WHAT IS BEING ASKED -
Each line of the material must be reproduced exactly; pictures stay out.
Segment Start: PROVIDED DATA
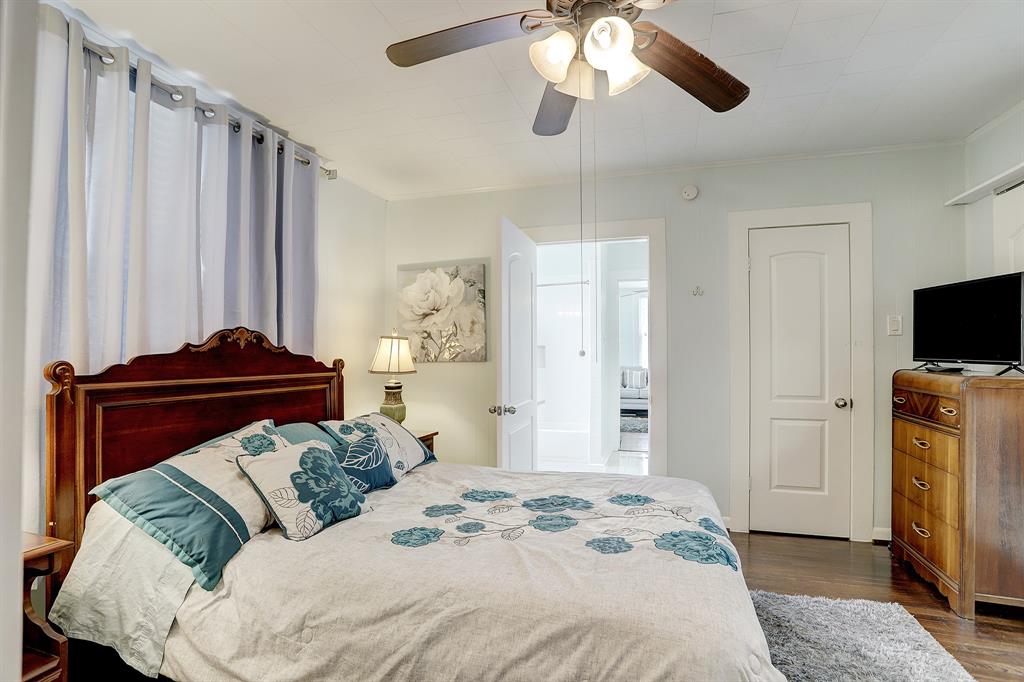 3411 1.5 Bernardo De Galvez, Galveston, Texas 77550, 3 Bedrooms Bedrooms, 3 Rooms Rooms,2 BathroomsBathrooms,Single-family,For Sale,Bernardo De Galvez,84083682
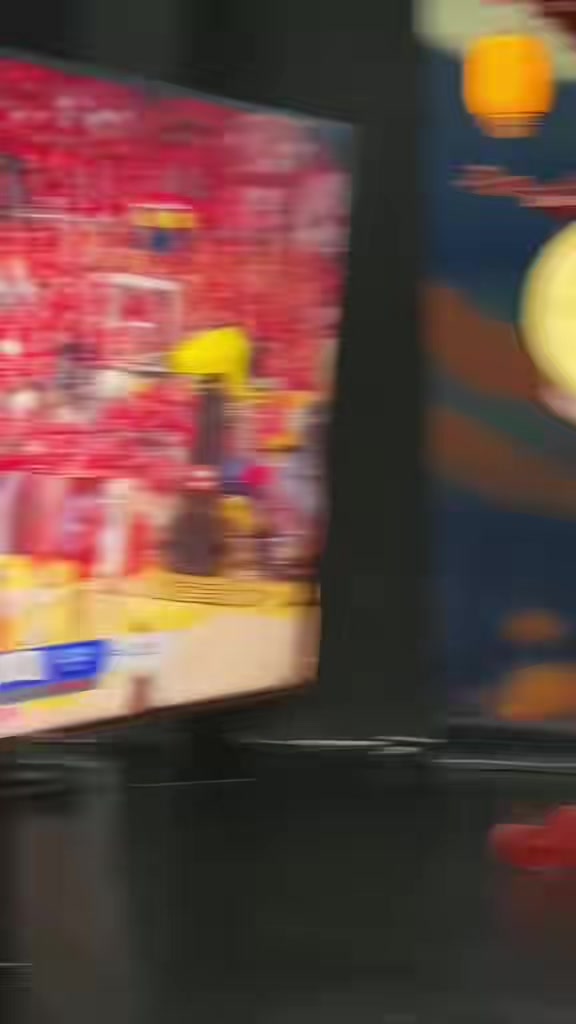 ?美女主持金佳悦晒与郭艾伦的同框照 网友纷纷起哄说在一起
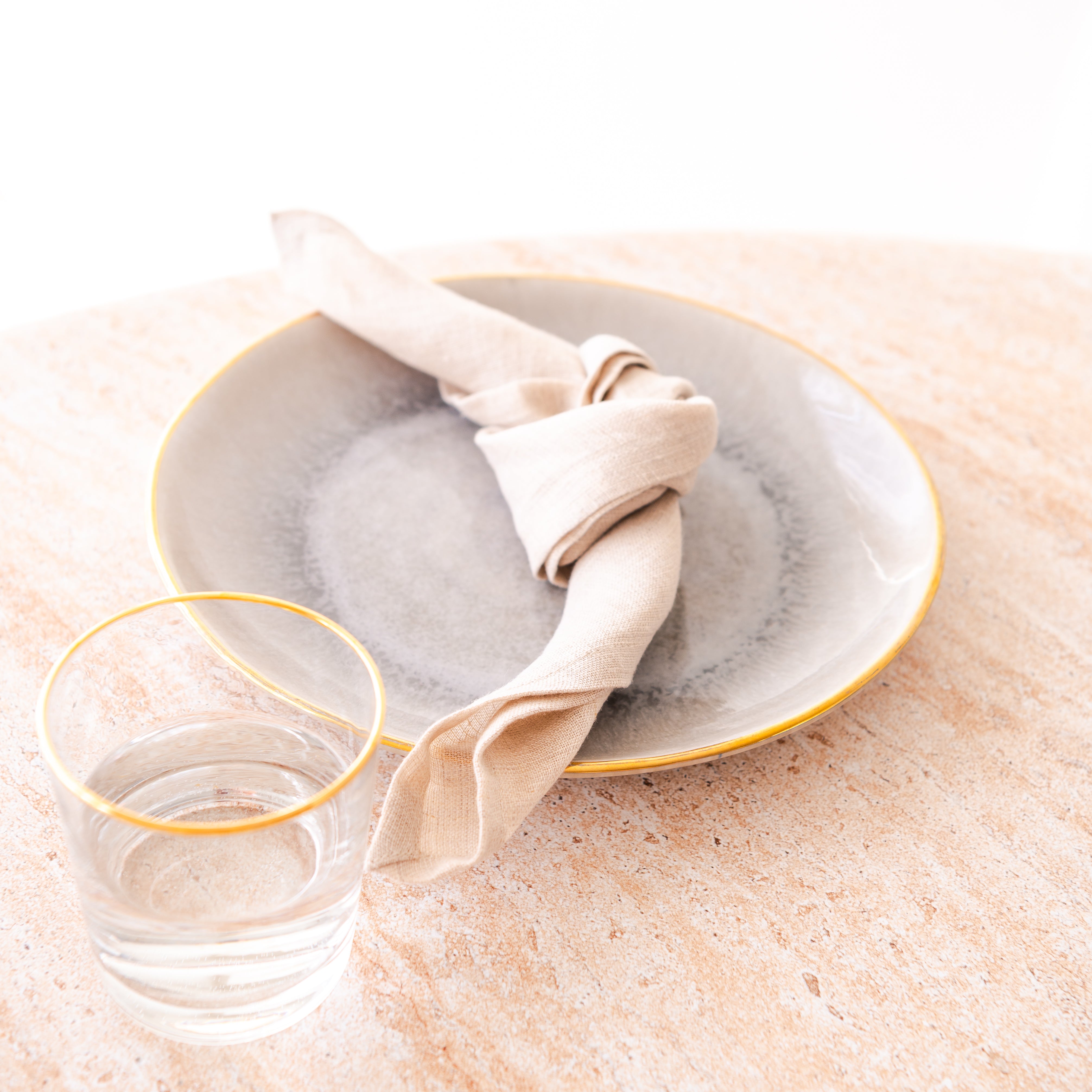 Amadora bord groot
Segment End: PROVIDED DATA
EXERCISE OUTPUT -
 3411 1.5 Bernardo De Galvez, Galveston, Texas 77550, 3 Bedrooms Bedrooms, 3 Rooms Rooms,2 BathroomsBathrooms,Single-family,For Sale,Bernardo De Galvez,84083682
 ?美女主持金佳悦晒与郭艾伦的同框照 网友纷纷起哄说在一起
 Amadora bord groot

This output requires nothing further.